As these projects were getting under way, however, federal regulatory initiatives began to change the fundamentals of the US natural gas industry. The Natural Gas Policy Act of 1979 was the first in a series of regulations that led to a broad restructuring of the US natural gas industry.1

These structural reforms precluded a utility’s ability to pass on the costs of more expensive contracted-for supplies when lower-cost supplies were available on the spot market and could be transported under the newly minted expedient of “open access.” With financial support for projects of that era typically long-term, take-or-pay arrangements, this evolution changed the US LNG industry.
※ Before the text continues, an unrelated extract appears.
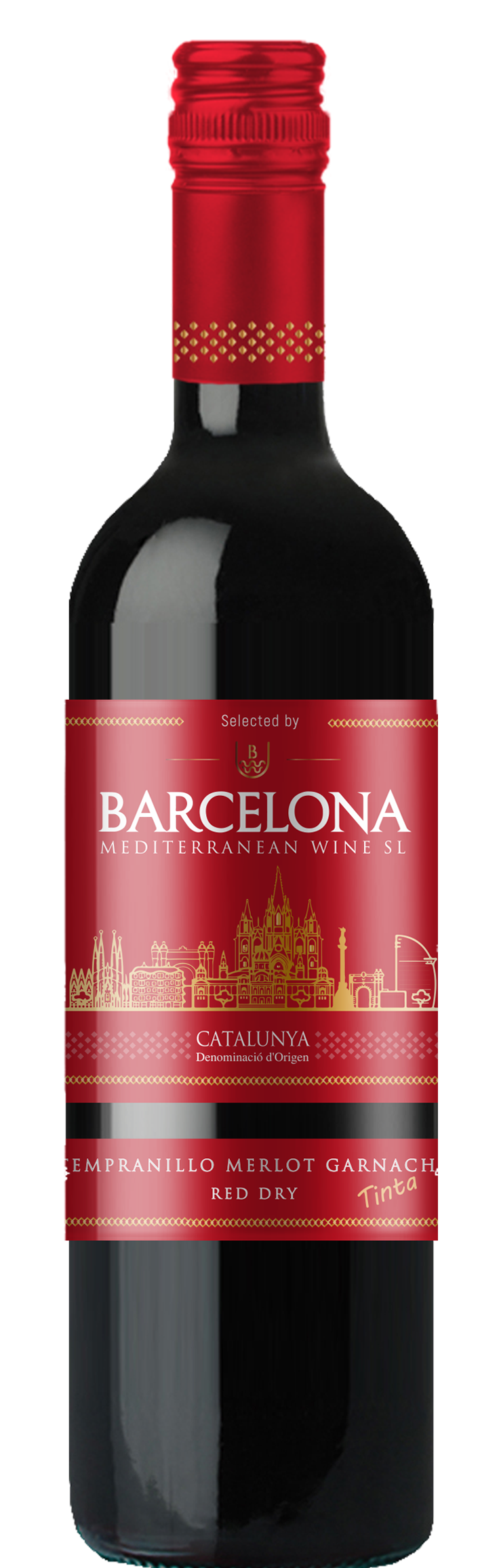 Barcelona Mediterranean Wine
Exacerbating the situation were contractual disputes over price with Algeria’s Sonatrach, the sole producer and supplier of LNG for these projects, and national security concerns about heavily relying on foreign suppliers of energy for US consumption. Although LNG’s peak year of supply saw imported natural gas from countries other than Canada or Mexico account for only 1.3% of US consumption, lengthy gasoline lines as the result the 1973 embargo and dislocations caused by the 1979 Iranian Revolution remained in the minds of American consumers and energy planners.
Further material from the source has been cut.